Is it possible that the prior error pipinstall.flag makes AnnotSV think that it installed even though it didn't?
In that case, is my fix of manually installing it ok? Or should I uninstall variantconvert and try again?
Defaulting to user installation because normal site-packages is not writeable
Obtaining file:///gpfs/data/evronylab/bin/AnnotSV/share/python3/variantconvert
Installing build dependencies: started
Installing build dependencies: finished with status 'done'
Getting requirements to build wheel: started
Getting requirements to build wheel: finished with status 'done'
Preparing wheel metadata: started
Preparing wheel metadata: finished with status 'done'
ERROR: Package 'variantconvert' requires a different Python: 3.7.2 not in '>=3.8'
WARNING: You are using pip version 20.2.2; however, version 24.0 is available.
You should consider upgrading via the '/gpfs/share/apps/python/cpu/3.7.2/bin/python3.7 -m pip install --upgrade pip' command.
I think I will just uninstall variantconvert and delete the pipinstall.flag file and rerun and see if that works.

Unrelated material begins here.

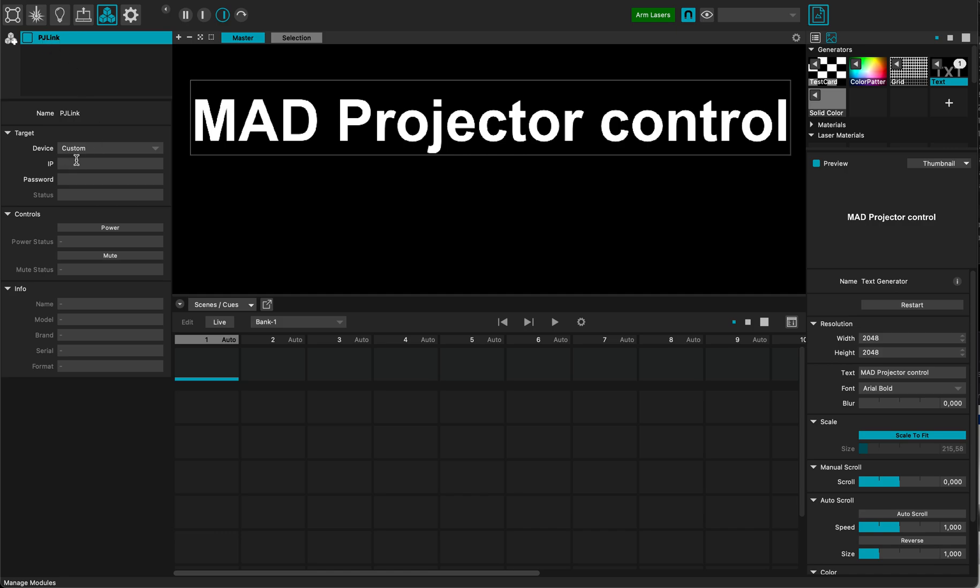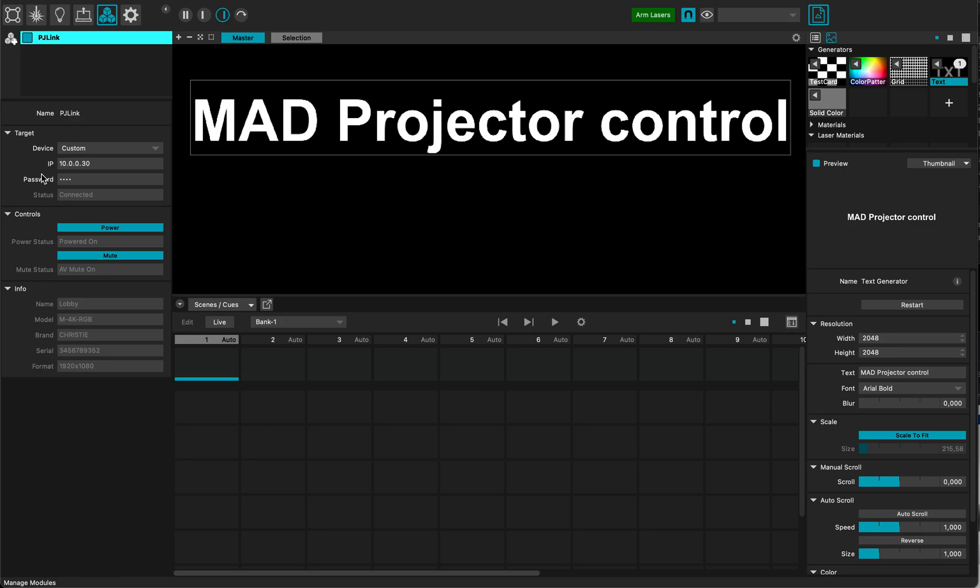My device is custom, so now let me enter the IP address of my device, which is 10.0.0.30. Okay, and you see it's asking for a password. Currently I set that into my projector and the password is 1234. This is my password and you can see it's automatically connected to the projector.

Ok that seems to have fixed the problem.
Is it possible that the prior error pipinstall.flag makes AnnotSV think that it installed even though it didn't?
Absolutely
In that case, is my fix of manually installing it ok?
Yes
I think I will just uninstall variantconvert and delete the pipinstall.flag file and rerun and see if that works.
Perfect too
In your output, I see:
ERROR: Package 'variantconvert' requires a different Python: 3.7.2 not in '>=3.8'
Python 3.8 is required. This seems not to be the case on your run.